## PROBLEM TO SOLVE:
From the line with "ジョジョの奇妙な冒険　抽選限定　第4部　ダイヤモンドは砕けない　グレート根付" to the line with "Hyundai Tucson с", retype each line exactly as it stands in the records below, but skip the pictures.

## INFORMATION SHOWN:
# # # # #
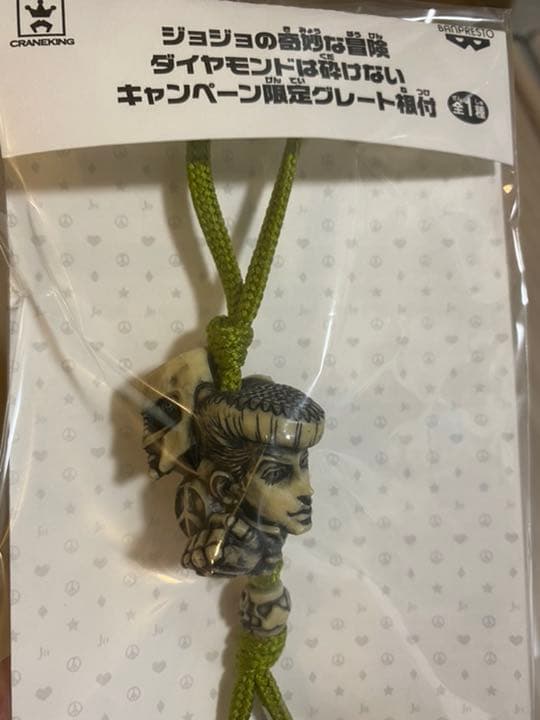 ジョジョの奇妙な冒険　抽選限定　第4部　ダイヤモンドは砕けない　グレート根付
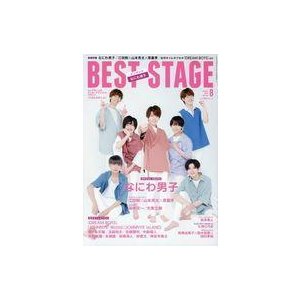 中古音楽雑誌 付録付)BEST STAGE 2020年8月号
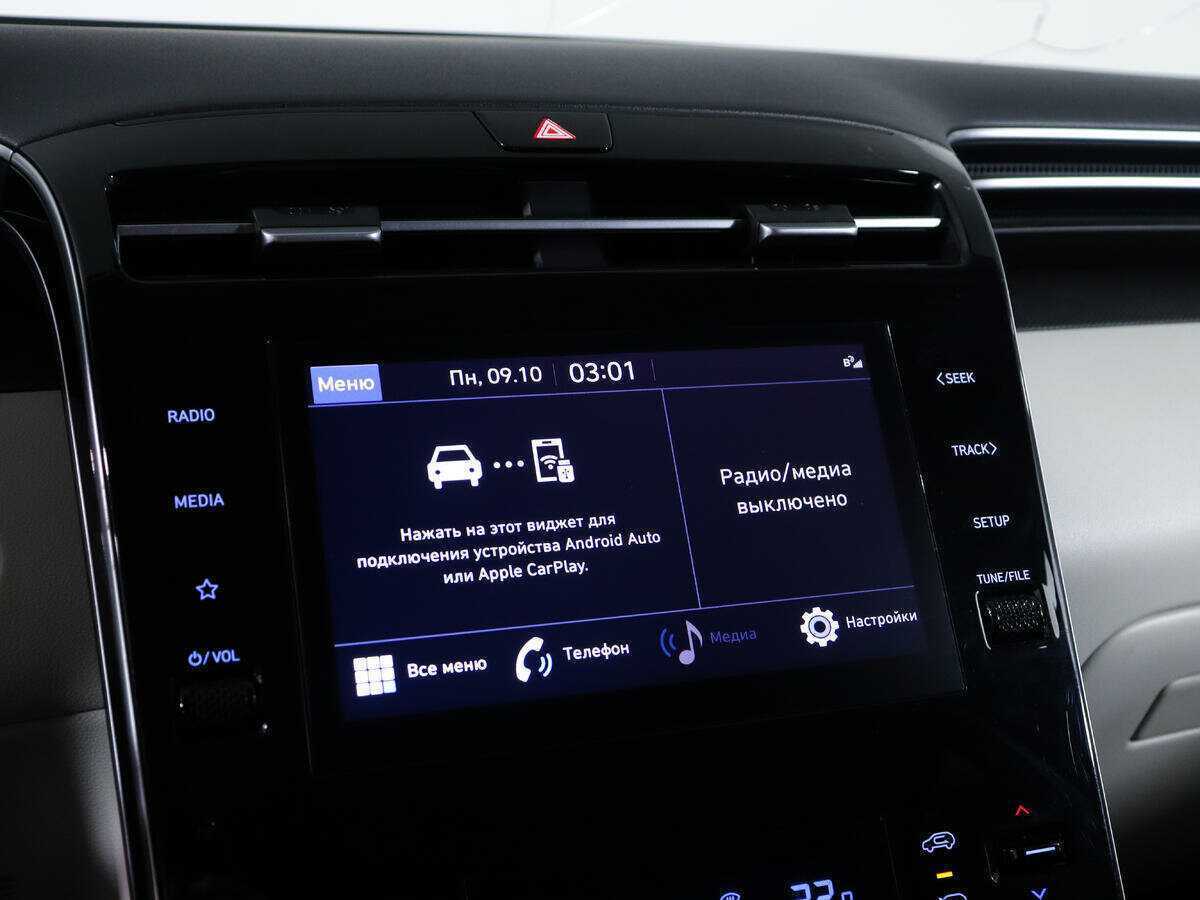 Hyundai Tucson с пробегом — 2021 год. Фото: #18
# # # # #
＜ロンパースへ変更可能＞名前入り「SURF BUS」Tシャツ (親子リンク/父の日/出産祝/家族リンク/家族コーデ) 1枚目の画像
# # # # #
## SOLUTION TO THIS EXERCISE:
 ジョジョの奇妙な冒険　抽選限定　第4部　ダイヤモンドは砕けない　グレート根付
 中古音楽雑誌 付録付)BEST STAGE 2020年8月号
 Hyundai Tucson с пробегом — 2021 год. Фото: #18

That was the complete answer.